Turns out that while Bioware is directly meeting the wishes of many of their fans by reworking their story, there’s quite a few folks who still aren’t happy. I’ve heard a lot of buzz about how changing the ending damages the artistic integrity of the product, how “the Mona Lisa wouldn’t be given a boob job just because fans demanded it!
The problem with these arguments is that they approach gaming in the same fashion as one might approach more traditional media such as television, painting, or literature. We can’t do that- it’s like looking at a cat and deciding it’s the same as a dog simply because they both have four legs and a tail- it simply doesn’t work.
As Stephen Totilo of Kotaku notes, video games are a whole new ball game- they aren’t manuscripts handed down to consumers like books from authors. They aren’t static modes of entertainment, like television. They’re far more mercurial and malleable- they can be changed. Many developers have-rightly so- characterized games as a conversation between creator and consumer. As you well know, conversations don’t work so well if the other party sticks their fingers in their ears and stops listening.
A lot of developers are starting to understand that- and are responding to their fans in kind. They’re listening to what the people who love their titles have to say, and adjusting their strategies accordingly. That isn’t foolishness, it’s intelligent marketing- and I’d argue that this is exactly what Bioware’s doing with Mass Effect 3.
The Slippery Slope Argument
Another argument I’ve heard from those railing against the change is that it sets a dangerous precedent. What’s to stop entitled, whiny brats from shoehorning other developers into doing exactly what they want with a title? What’s to stop artistic integrity from being completely drained out of the games industry simply because those who complain the loudest don’t like the way something’s being done?
How about the fact that developers have minds of their own?
Bioware’s ending change isn’t setting any sort of precedent that hasn’t already been a long time coming. To loop back around to the ‘games as conversation’ analogy, it used to be that developers would adjust their titles between releases. They’d release a game, listen to fan input, and adjust the next game in the franchise according to that input. Now, however, with the dawn of the Internet age, their titles can be adjusted in realtime. Does a champion in League of Legends need to be nerfed? Release a patch. Is a mission or quest broken or unenjoyable? Tweak it. Are there new weapons that the fans are clamoring for? DLC.
Not only that, Bioware is actively seeking fan input for the design of Dragon Age 3. They’re going out of their way to demonstrate that, when their customers talk, they listen. So what, exactly, is dangerous about this precedent? Why are people in an uproar? Why, exactly, is everyone so worried?
Ultimately, it’s a question of where to draw the line- When can a developer rightly tell their fans they won’t change something? This is something that needs to be decided on a case-by-case basis- we can’t simply set a benchmark for it and say “this is how it’ll always be.” The developers themselves need to decide when their fans should be catered to, and when their demands should be considered unreasonable.
At the end of the day, all that matters is that they listen, as Bioware has- that’s the precedent they’re setting here, and it’s by no means a negative one.

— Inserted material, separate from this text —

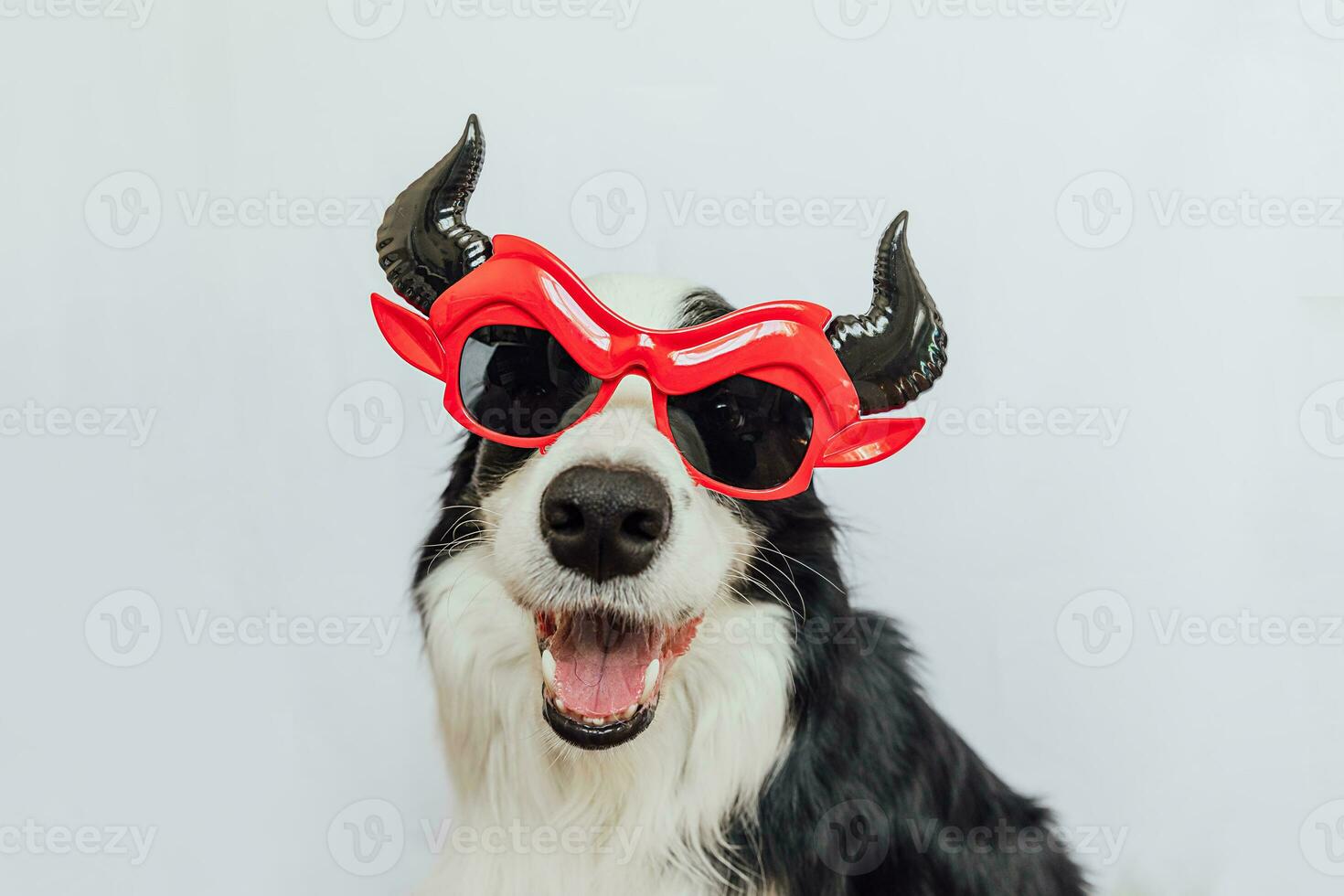 Trick or Treat concept. Funny puppy dog border collie dressed in halloween silly Satan devil eyeglasses costume scary and spooky isolated on white background. Preparation for Halloween party. photo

I won’t disagree that Bioware’s treading a very dangerous path right now- though I don’t believe this for the same reason that others do. Bioware ultimately has one chance to get this right. All eyes are on them at this moment. If they manage to pull it off, and release an expanded ending that everyone’s happy with, the faith of fans all around will be restored. Bioware’s reputation as a great developer will be intact. If, however, they bork things up…
I think a lot of people may well just give up on them, and a lot of the folks who are currently trying to make a case for the sort of consumer-developer relationship Bioware seems to have with its fans, well…they’re going to get caught in the ensuing chaos. They’ll end up jaded; less likely to listen to their own consumers because of what happened with Bioware’s ending.
All we can do is put our faith in Bioware, and pray that they do this right. Because if they don’t, well…they may end up damaging more than just their reputation.